Sie möchten in Ihrem Verein inklusives Segeln anbieten? Dafür müssen Sie nicht gleich im ersten Schritt spezielle Boote kaufen. Sie können auch vereinseigene Trainingsboote relativ kostengünstig und einfach umbauen beziehungsweise anpassen. Viele Adaptionen sind vorübergehend, sie können also auch zurück gebaut werden.

Für adaptive Umbauten eignen sich besonders gut offene Kielboote, Kieljollen sowie stabile Katamarane oder Trimarane (z. B. Weta). Häufig erfordern die Bedürfnisse der Segelnden ein kentersicheres Boot. Es kann aber in Abhängigkeit von den Fähigkeiten der Sportlerinnen und Sportler durchaus Ausnahmen geben.

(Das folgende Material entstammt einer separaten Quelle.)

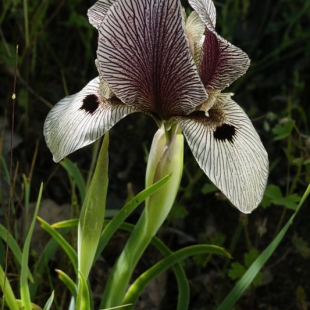 Iris grossheimii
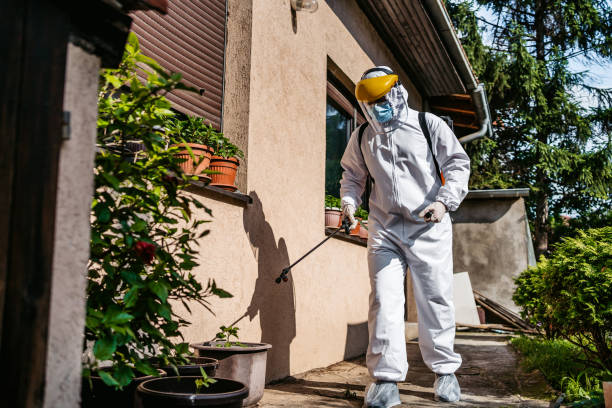 Best Local Pest Control Services  in Turners Falls, MA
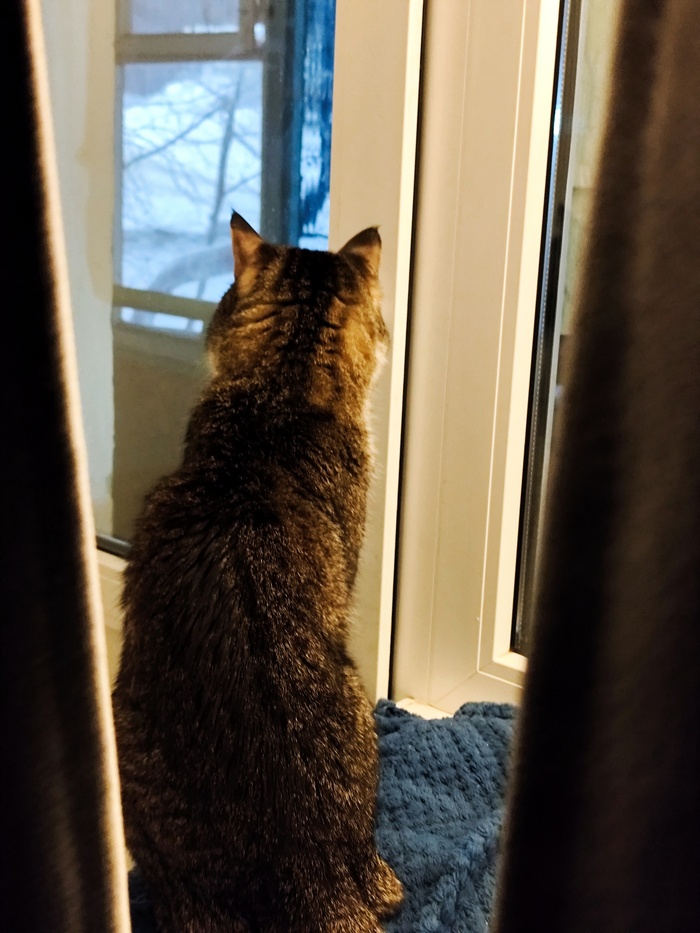 "����� ��� ��� ������� ���� �� �������? ��� ���� �� �����..."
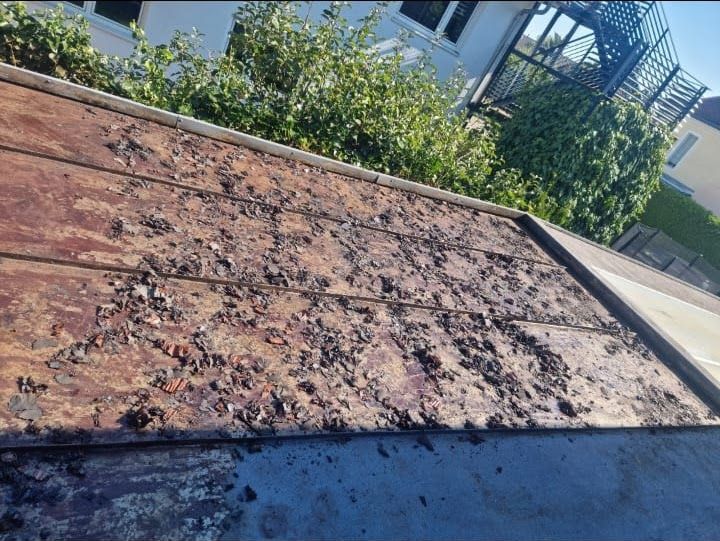 Verwittertes, schmutziges Metalldach mit Schutt. Im Hintergrund sind grüne Büsche und ein Gebäude zu sehen.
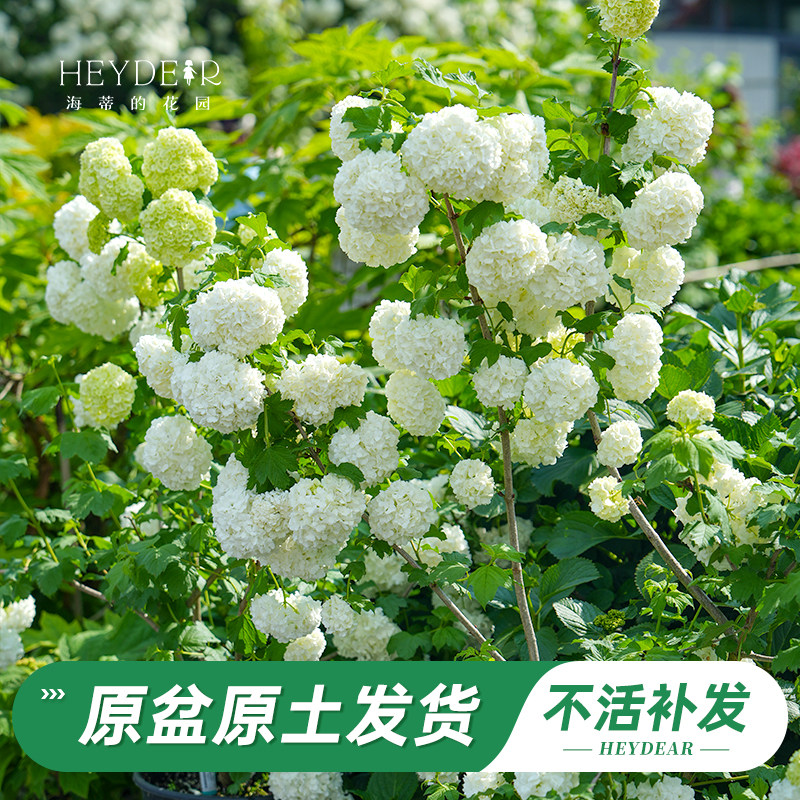 海蒂的花园旗舰店欧洲木绣球玫瑰花苗庭院花卉盆栽植物耐寒树苗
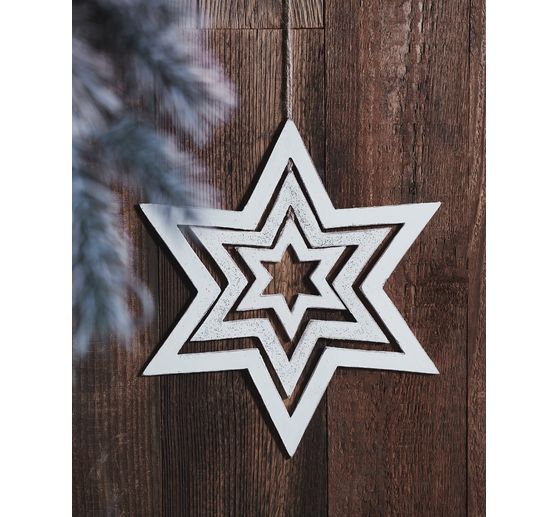 VBS Malířská houba, 3 kusy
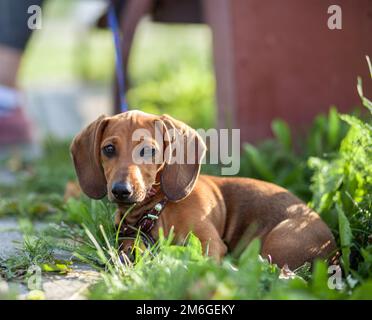 Wunderschöner brauner Dackel-Hund im Park. Der Hund ruht sich aus. Stockfoto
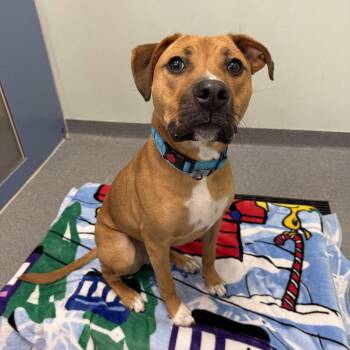 Loki -  Terrier and Pit Bull Terrier Dog for Adoption in New Castle, Delaware - Loki | PetCurious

Adaptionen können Einschränkungen von Menschen in den Funktionsbereichen Mobilität, Stabilität, Handfunktion, Sehfähigkeit ausgleichen. Wir geben Ihnen hier einen ersten Überblick über eher unkomplizierte Anpassungsmöglichkeiten und orientieren uns dabei an Beispielen von Behinderungen – ohne, dass wir hier alle Einschränkungen erwähnen können.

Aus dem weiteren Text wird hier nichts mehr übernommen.